### [Short web captions]
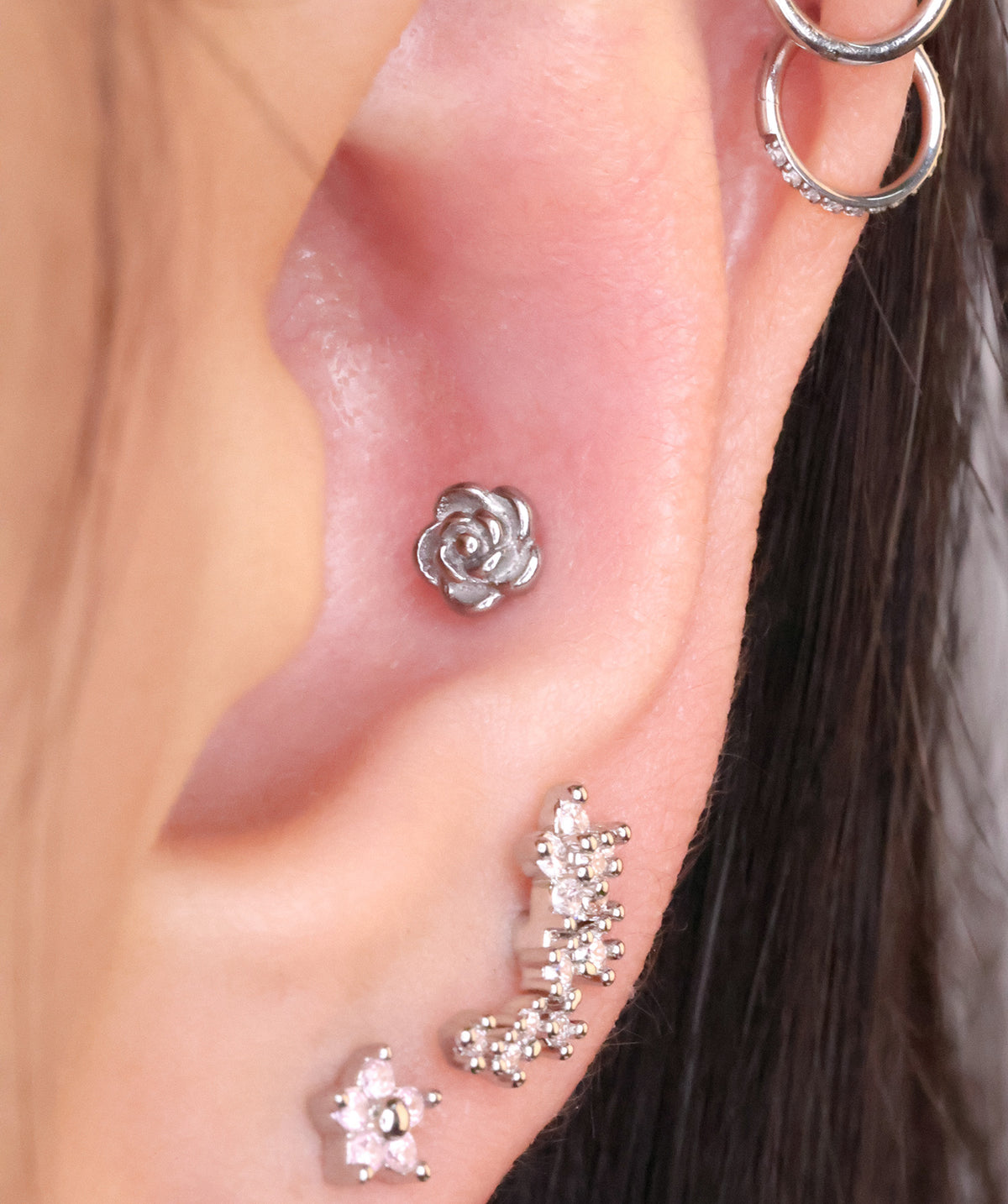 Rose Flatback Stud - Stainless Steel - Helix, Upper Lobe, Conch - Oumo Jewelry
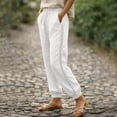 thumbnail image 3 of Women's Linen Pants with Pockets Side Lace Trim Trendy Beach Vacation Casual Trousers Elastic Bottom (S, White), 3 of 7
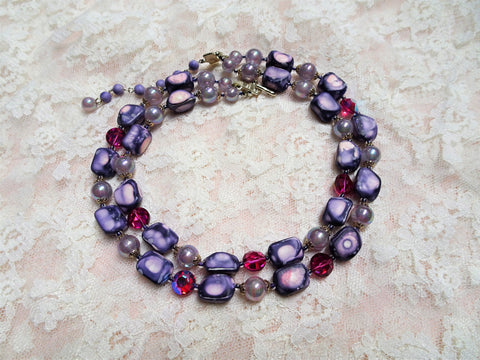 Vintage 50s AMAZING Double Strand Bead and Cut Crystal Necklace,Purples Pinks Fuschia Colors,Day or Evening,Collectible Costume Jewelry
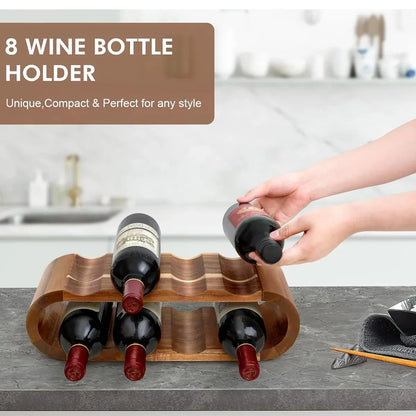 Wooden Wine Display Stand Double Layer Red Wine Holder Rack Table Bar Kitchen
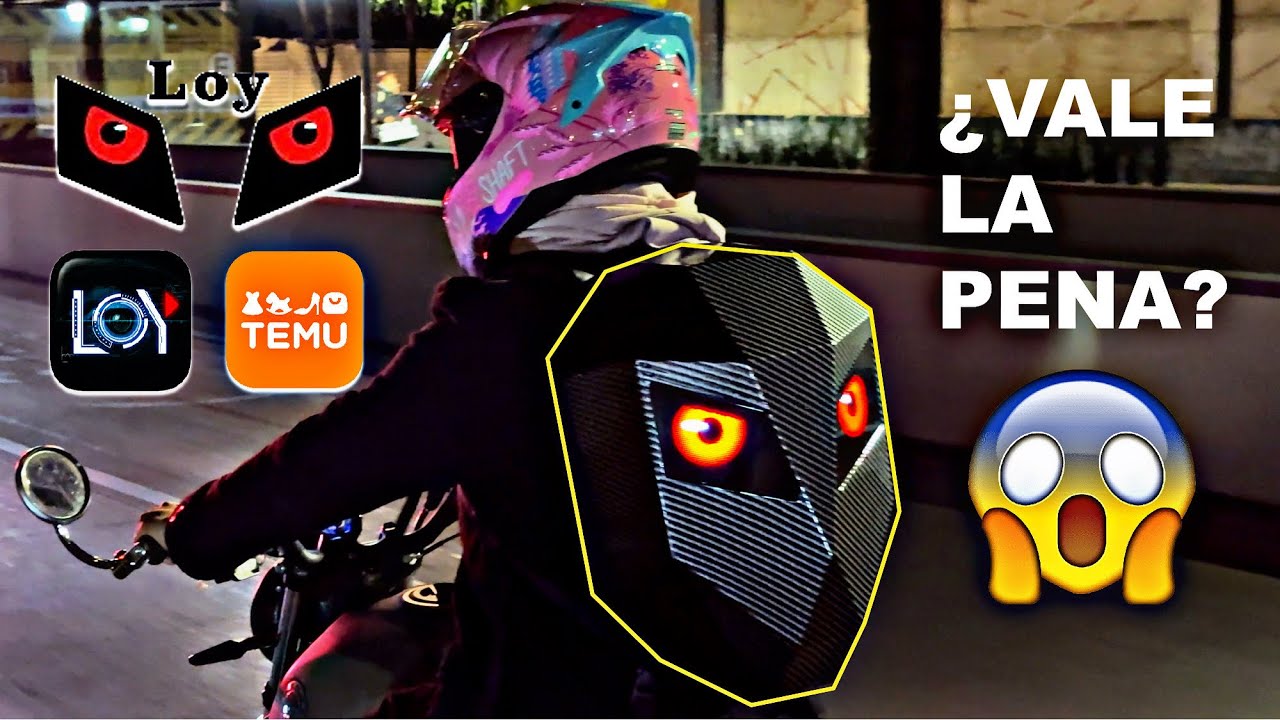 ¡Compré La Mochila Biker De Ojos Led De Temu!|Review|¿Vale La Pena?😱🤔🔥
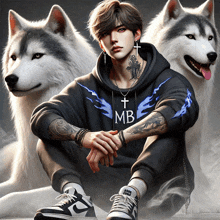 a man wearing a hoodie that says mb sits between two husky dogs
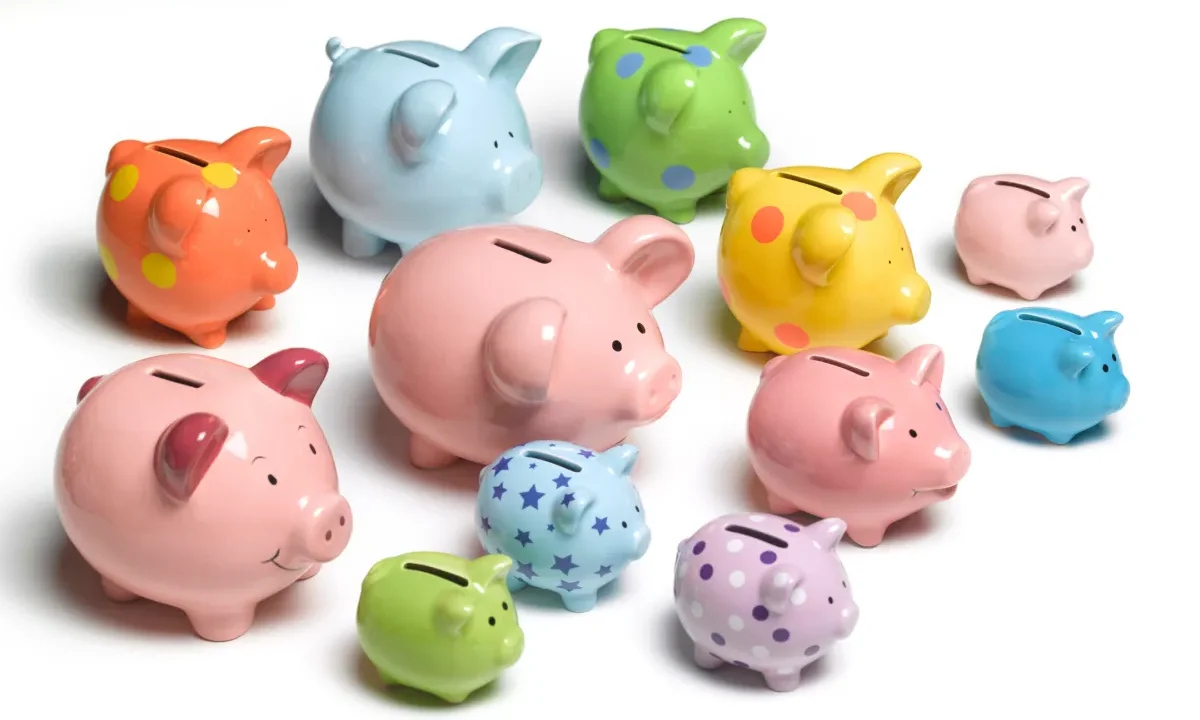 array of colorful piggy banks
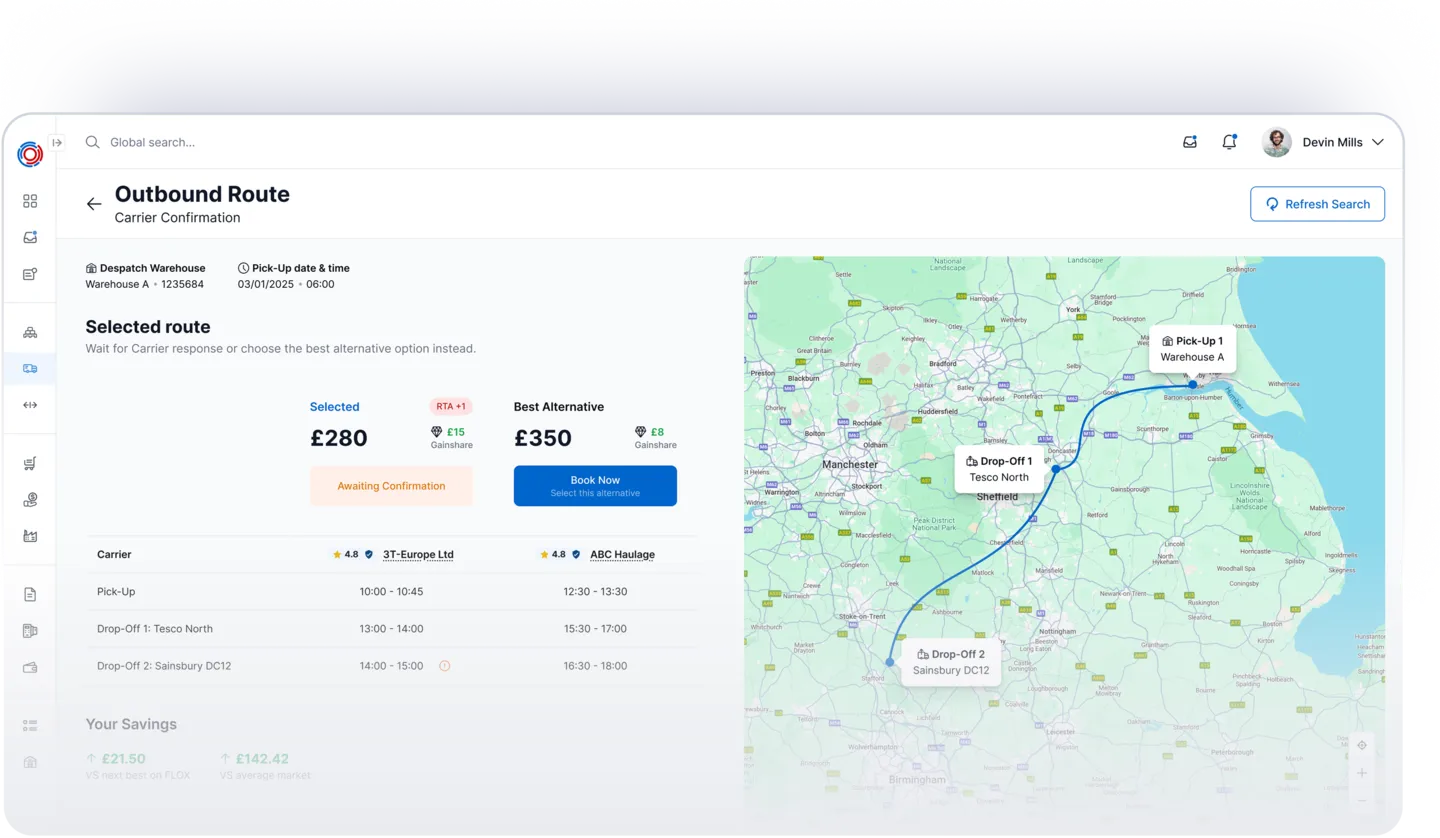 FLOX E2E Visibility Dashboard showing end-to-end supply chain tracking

### [What is expected]
Write out again the lines from the one with "Vintage 50s AMAZING" through the end of the records exactly, without any of the pictures.

### [Output for this task]
 Vintage 50s AMAZING Double Strand Bead and Cut Crystal Necklace,Purples Pinks Fuschia Colors,Day or Evening,Collectible Costume Jewelry
 Wooden Wine Display Stand Double Layer Red Wine Holder Rack Table Bar Kitchen
 ¡Compré La Mochila Biker De Ojos Led De Temu!|Review|¿Vale La Pena?😱🤔🔥
 a man wearing a hoodie that says mb sits between two husky dogs
 array of colorful piggy banks
 FLOX E2E Visibility Dashboard showing end-to-end supply chain tracking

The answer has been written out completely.